As for number 2, I'm interested in getting the NPL and CNPL on more lists like the SPDX License list, even if it attracts the ire of free software purists and “open source” liberals who will be upset we're making a persuasive argument for depriving their sick organizations of free labor while simultaneously keeping it open for the commons. Getting onto lists such as these is crucial if the NPL and CNPL are ever going to be integrated into distros with careful license management systems, even if they are not included into their main repositories. Hopefully this will result in projects using these licenses having an easier time of getting packaged and hosted by communities (at least on non-FDSG distros). In addition hopefully this will alleviate worries of some people who are concerned about how NPL/CNPL projects will be legally integrated into other projects.

To be perfectly clear, neither the NPL nor the CNPL will be marked as open source or free software on any license lists since neither conform to their respective definitions due to the non-violence provisions in the license. The SPDX license list already has licenses which do not meet either definition and some of them are pretty much just proprietary so I'm fairly confident that outside of technicalities I could eventually get them included on the SPDX list or at least other ones, hopefully mostly in a positive light (I don't expect anything short of firm resistance from the FSF here when they add it to their list).

My only concern with number 2 is that the “abbreviation” NPL is already reserved for the Netscape Public License. Which leads to something else I'm thinking of next. There may be a need to choose a new abbreviation for the NPL for the convenience of license lists and related tooling. I do not want to change the name of the Nonviolent Public License, or the abbreviation for its counterpart, the CNPL, however I may have to change the license abbrevation for the Nonviolent Public License to NVPL. I will be prepared to do this upon feedback from the SPDX license list after I submit the NPL to them.

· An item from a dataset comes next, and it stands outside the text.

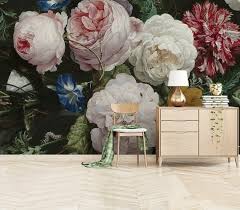 Black And White Floral Mural Wallpaper Dark Color Vintage Floral Wallpaper Wall Murals Oil Painting Dutch Victorian Flowers Wallpaper Big Vintage Floral Wallpapers Floral Wallpaper Wall Wallpaper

Personally I'm fairly busy with work right now in real life and it has drained attention away from this project for a month or so, but I plan on diving back into it soon enough. Hopefully before June at least. This wraps up this update on the effort to subvert copyright to prevent violence and encourage reciprocity and openness in software. Wish all of you the best out there, stay safe inside and care for the vulnerable! Let me know what you think on the fediverse :)

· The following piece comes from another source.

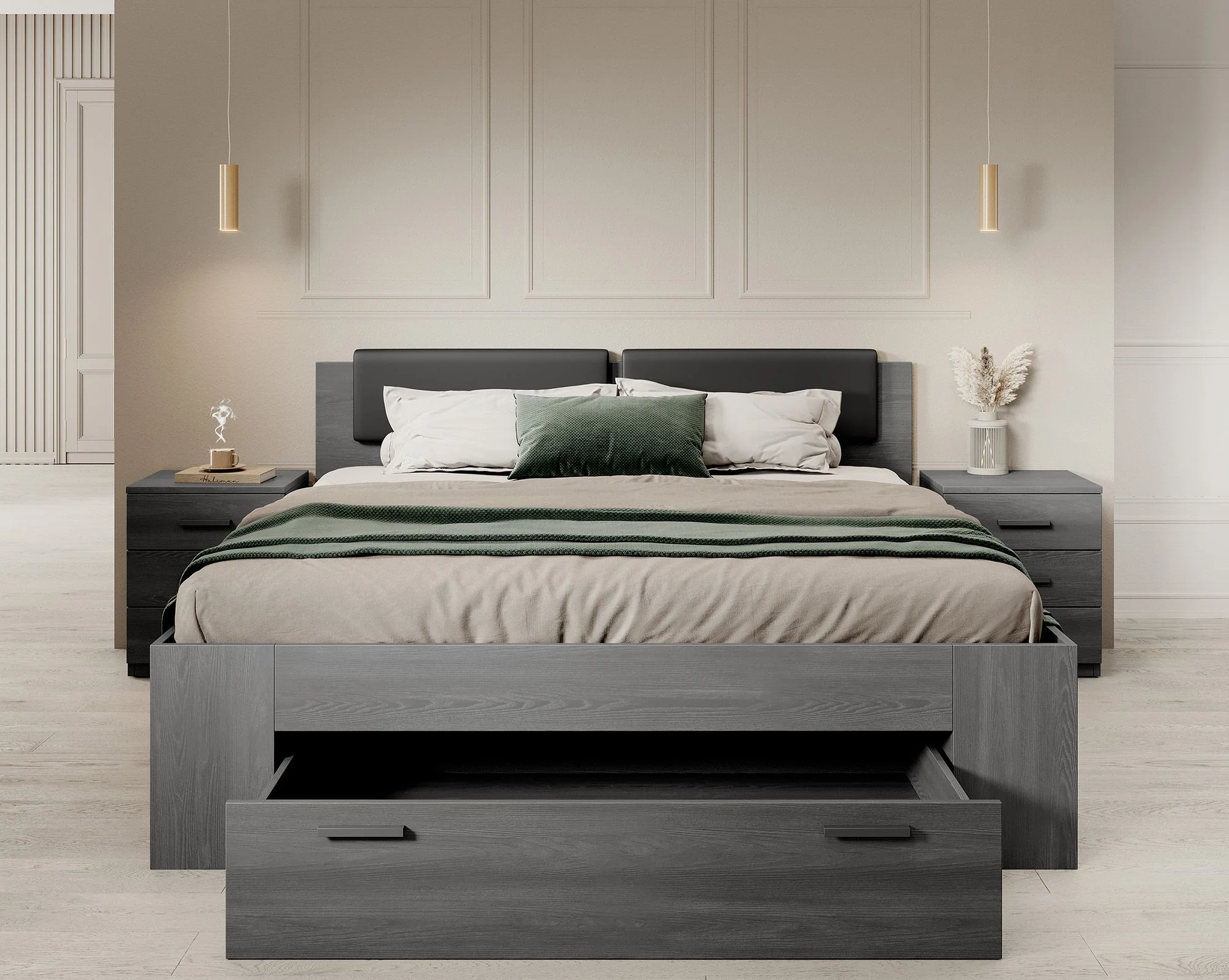 Gina - Tweepersoonsbed met lade - Antraciet - 180x200 cm - Image 3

Respects Our Freedom Licenses

This post is just going to be a list of FLOSS-like licenses which respect the freedoms of the people the program is being run on in any number of ways as well as including short summaries of each license. The only criteria for a license to be included on this list are:

  1. The license must be in the spirit of copyleft and reciprocation.
  2. The license only restricts a license in terms of for what purpose it is used, and not who uses it. Licensing against specific entities rather than their actions is a frivolous effort and discourages coming into compliance.
  3. The license leverages (2) in order to promote social freedoms or for an otherwise ethical cause.

The List

In no particular order

  • [C]NPL – (Cooperative) Nonviolent Public License – Two AGPL-like licenses for software, but also for cultural works, which come in two varieties. One which aims to generally prevent harms (social, physical, and environmental), and the other (CNPL) which additionally adds a non-commercial clause for anything other than worker-owned cooperatives and individuals. All forms of harm are explicitly spelled out rather than referring to an external document.
  • CSL – Cooperative Software License – Strong copyleft license which brands itself as copyfarleft and is for software and cultural works with a restriction on commercial redistribution for organizations which are not worker-owned cooperatives or individuals.
  • CGPL – Common Good Public License – GPL-like license which also asks that the user does not violate the UDHR by use of the software as well as promoting a duty to Nature by use.
  • The Hippocratic License – MIT-like license which also asks that the user does not violate the UDHR by use of the software and in the case that the software is a service, that the service's users also not violate the UDHR.
  • Do No Harm License – BSD 3-clause based license with exclusions for anti-environmental uses, violence, hate, human rights abuses, and more. Still in draft status at time of writing.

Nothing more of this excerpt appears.